Graph Algorithms In The Language Of Linear Algebra


Download Graph Algorithms In The Language Of Linear Algebra PDF/ePub or read online books in Mobi eBooks. Click Download or Read Online button to get Graph Algorithms In The Language Of Linear Algebra book now. This website allows unlimited access to, at the time of writing, more than 1.5 million titles, including hundreds of thousands of titles in various foreign languages.

Download

Graph Algorithms in the Language of Linear Algebra


Graph Algorithms in the Language of Linear Algebra

Author: Jeremy Kepner

language: en

Publisher: SIAM

Release Date: 2011-01-01


DOWNLOAD





The current exponential growth in graph data has forced a shift to parallel computing for executing graph algorithms. Implementing parallel graph algorithms and achieving good parallel performance have proven difficult. This book addresses these challenges by exploiting the well-known duality between a canonical representation of graphs as abstract collections of vertices and edges and a sparse adjacency matrix representation. This linear algebraic approach is widely accessible to scientists and engineers who may not be formally trained in computer science. The authors show how to leverage existing parallel matrix computation techniques and the large amount of software infrastructure that exists for these computations to implement efficient and scalable parallel graph algorithms. The benefits of this approach are reduced algorithmic complexity, ease of implementation, and improved performance.

Graph Algorithms


Graph Algorithms

Author: Mark Needham

language: en

Publisher: O'Reilly Media

Release Date: 2019-05-16


DOWNLOAD





Discover how graph algorithms can help you leverage the relationships within your data to develop more intelligent solutions and enhance your machine learning models. You’ll learn how graph analytics are uniquely suited to unfold complex structures and reveal difficult-to-find patterns lurking in your data.
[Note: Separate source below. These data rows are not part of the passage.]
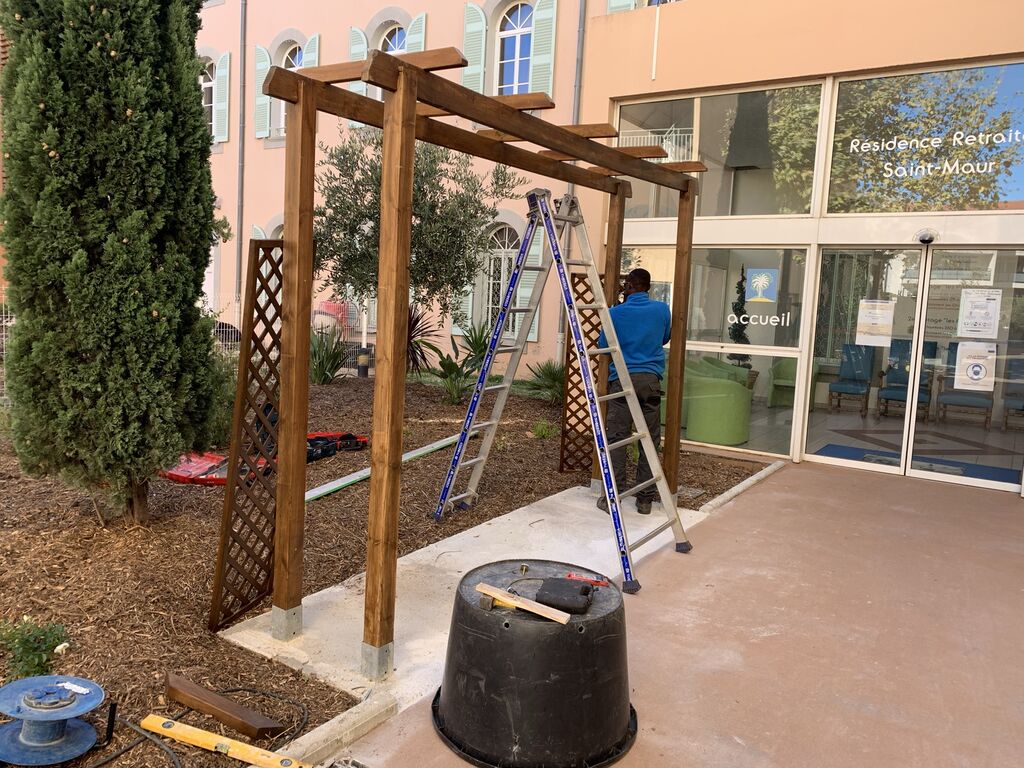Installation d’une pergola ombrière en bois végétalisée de jasmin avec bancs intégrés à La Seyne-sur-Mer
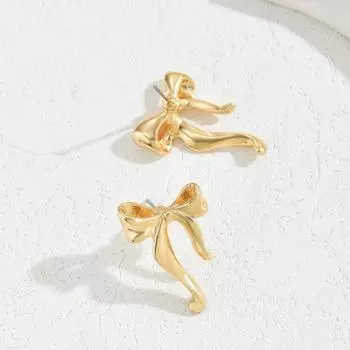 Small and exquisite bow stud earrings female simple Korean version gold versatile earrings sweet and cool Spice Girl style earrings earrings pendant 18K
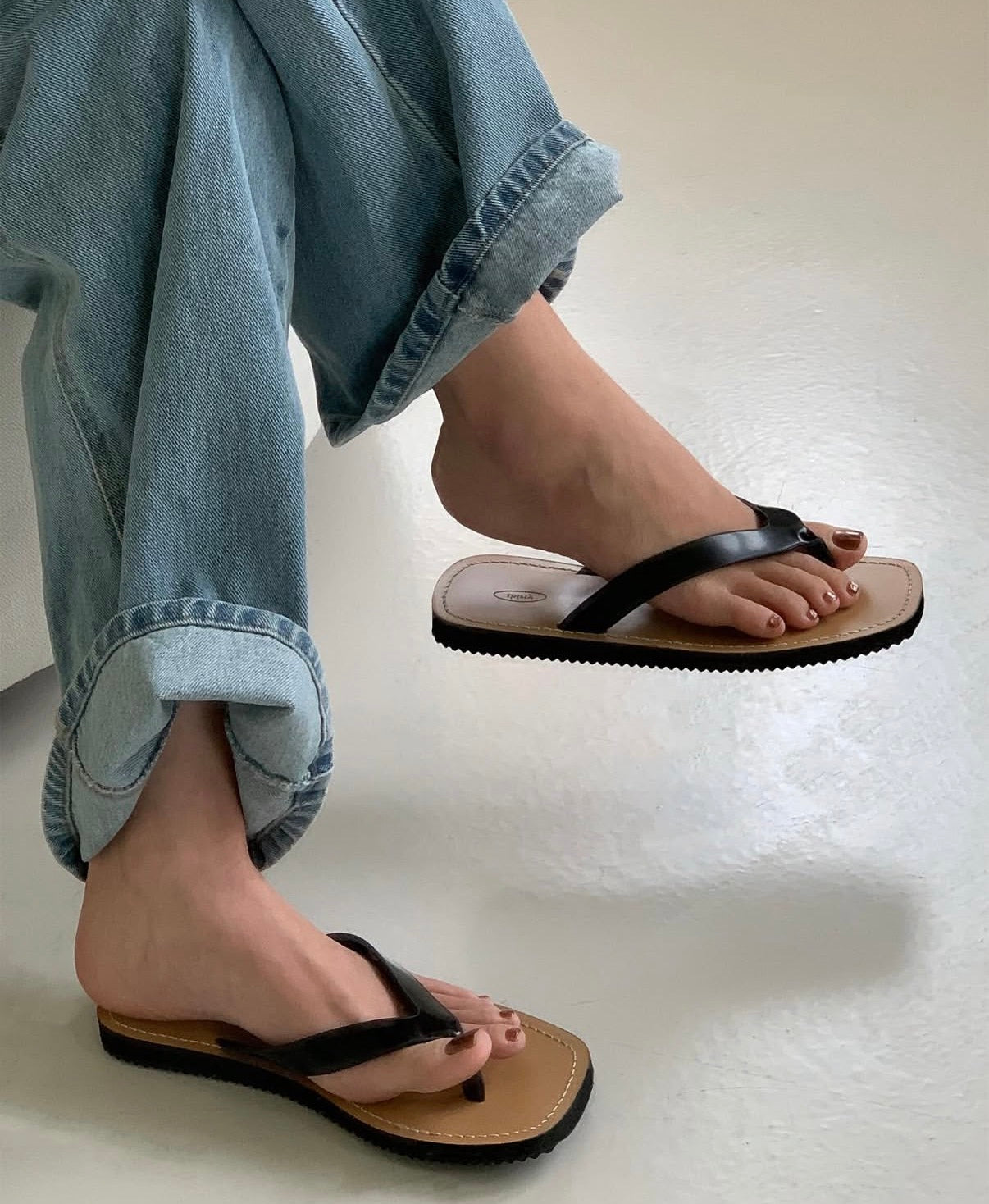 SH13- City Flip-Flop | Beige x Black | Black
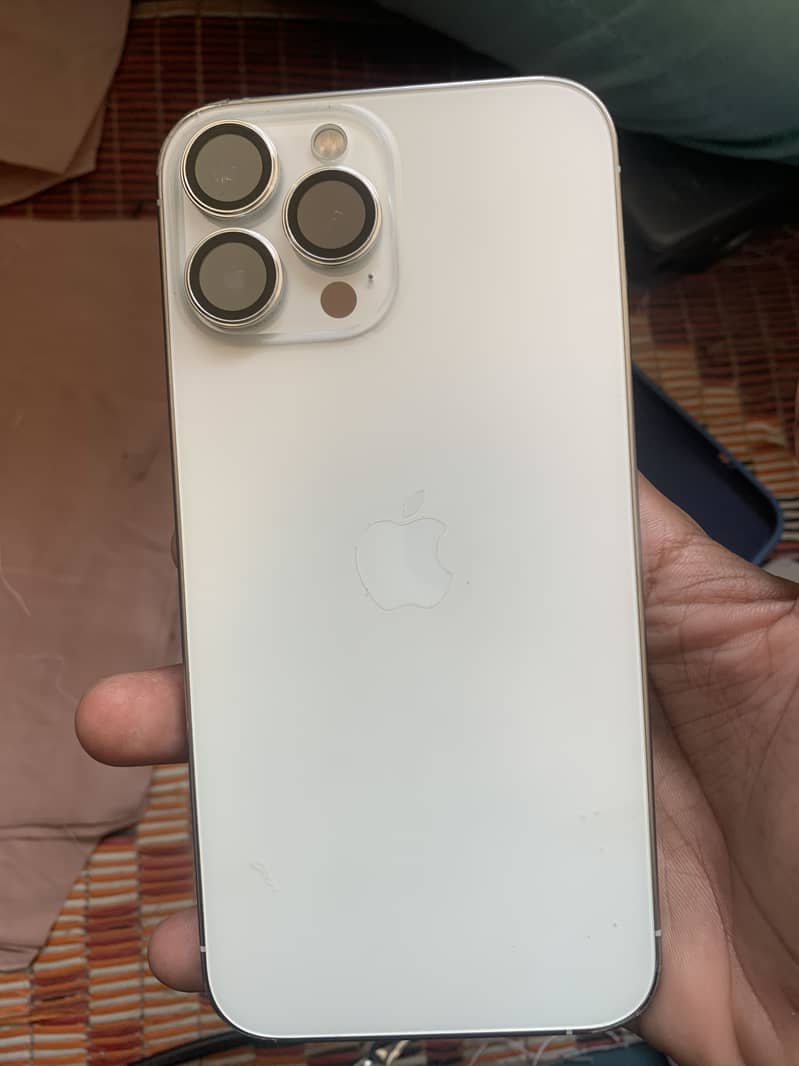 Apple iPhone 13 Pro Max 5
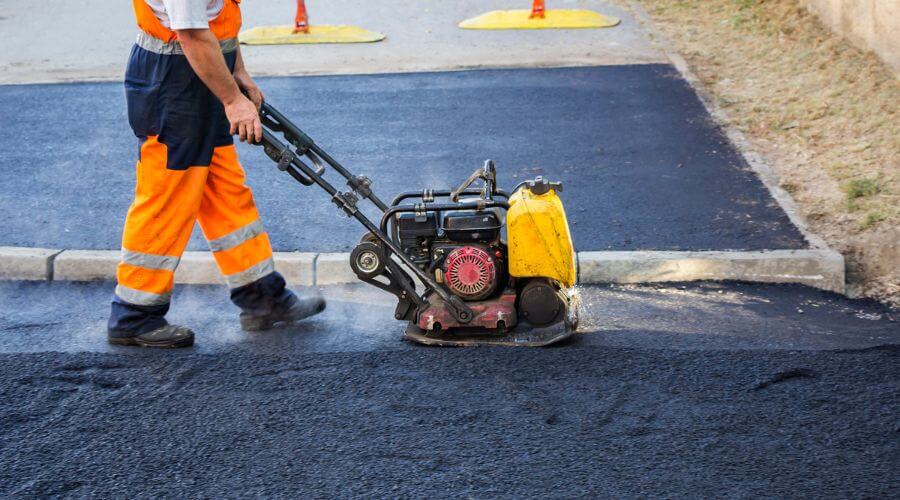 Professional gutter cleaning in Deer, AR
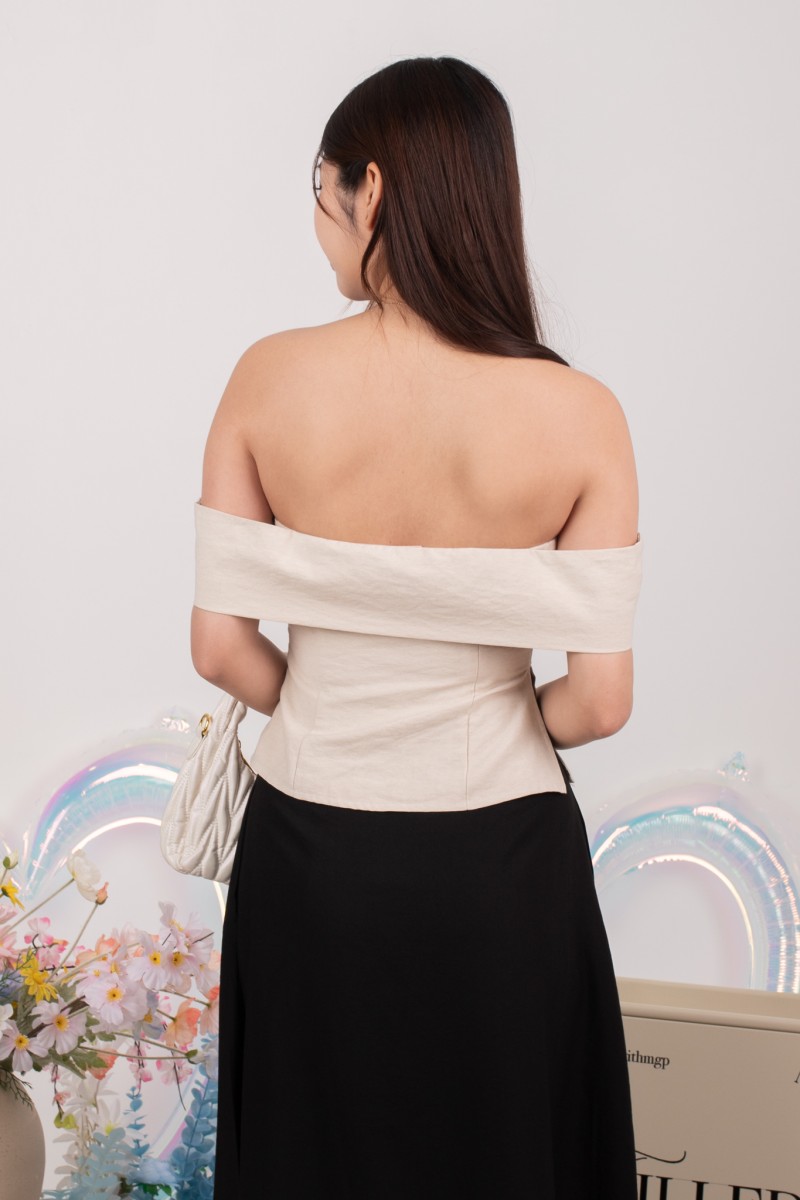 Floris Flowy Skirt in Black
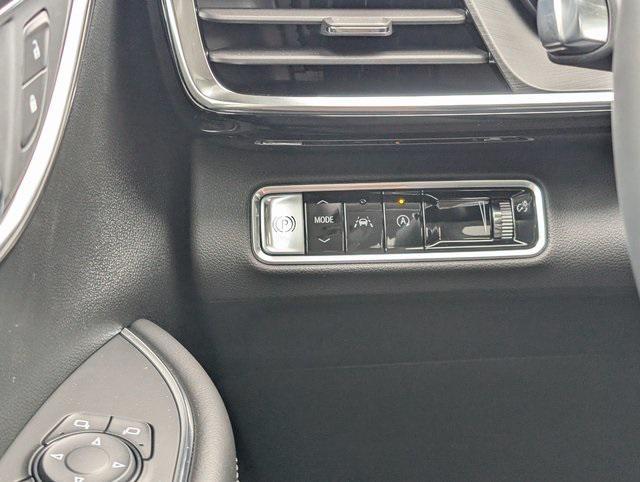 new 2025 Buick Envision car, priced at $39,240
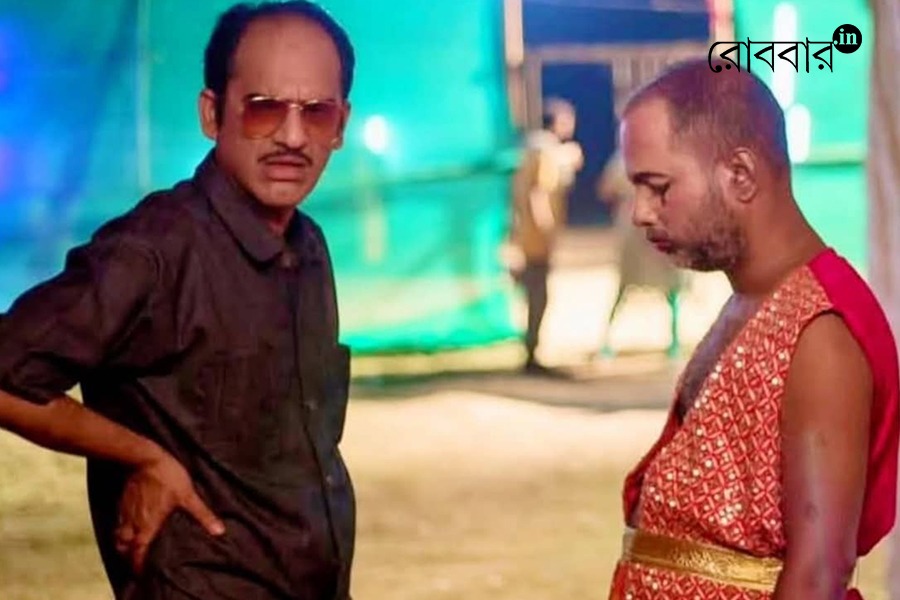Nadharer Vela: Reflection of Society and Human Emotions। Robbar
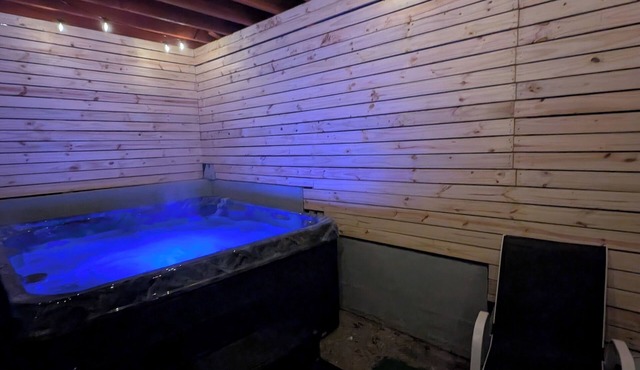 Open July! Hot tub! 15 min to airport~20 min to UT~4bed3bath~Game Room~Office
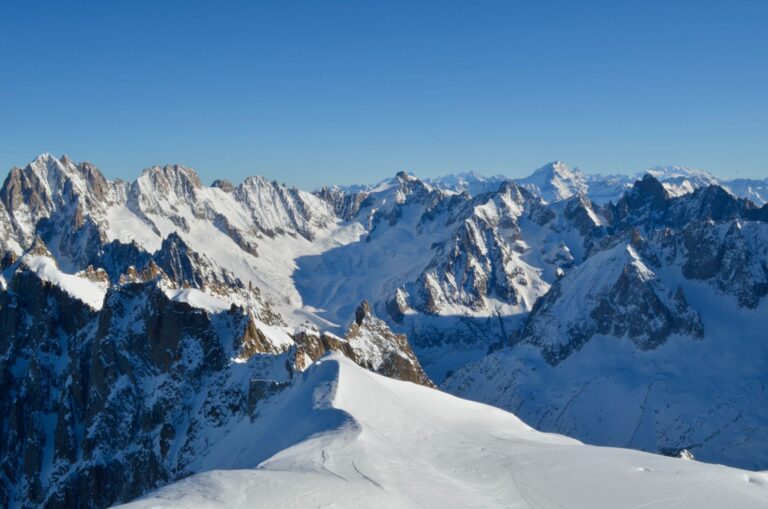 Mont Blanc : les refuges du Goûter et de Tête Rousse fermés, la voie normale à l&rsquo;arrêt — ce que ça change si vous aviez réservé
Whether you are trying to build dynamic network models or forecast real-world behavior, this book illustrates how graph algorithms deliver value—from finding vulnerabilities and bottlenecks to detecting communities and improving machine learning predictions. This practical book walks you through hands-on examples of how to use graph algorithms in Apache Spark and Neo4j—two of the most common choices for graph analytics. Also included: sample code and tips for over 20 practical graph algorithms that cover optimal pathfinding, importance through centrality, and community detection. Learn how graph analytics vary from conventional statistical analysis Understand how classic graph algorithms work, and how they are applied Get guidance on which algorithms to use for different types of questions Explore algorithm examples with working code and sample datasets from Spark and Neo4j See how connected feature extraction can increase machine learning accuracy and precision Walk through creating an ML workflow for link prediction combining Neo4j and Spark

Topics in Intersection Graph Theory


Topics in Intersection Graph Theory

Author: Terry A. McKee

language: en

Publisher: SIAM

Release Date: 1999-01-01


DOWNLOAD





Finally there is a book that presents real applications of graph theory in a unified format. This book is the only source for an extended, concentrated focus on the theory and techniques common to various types of intersection graphs. It is a concise treatment of the aspects of intersection graphs that interconnect many standard concepts and form the foundation of a surprising array of applications to biology, computing, psychology, matrices, and statistics.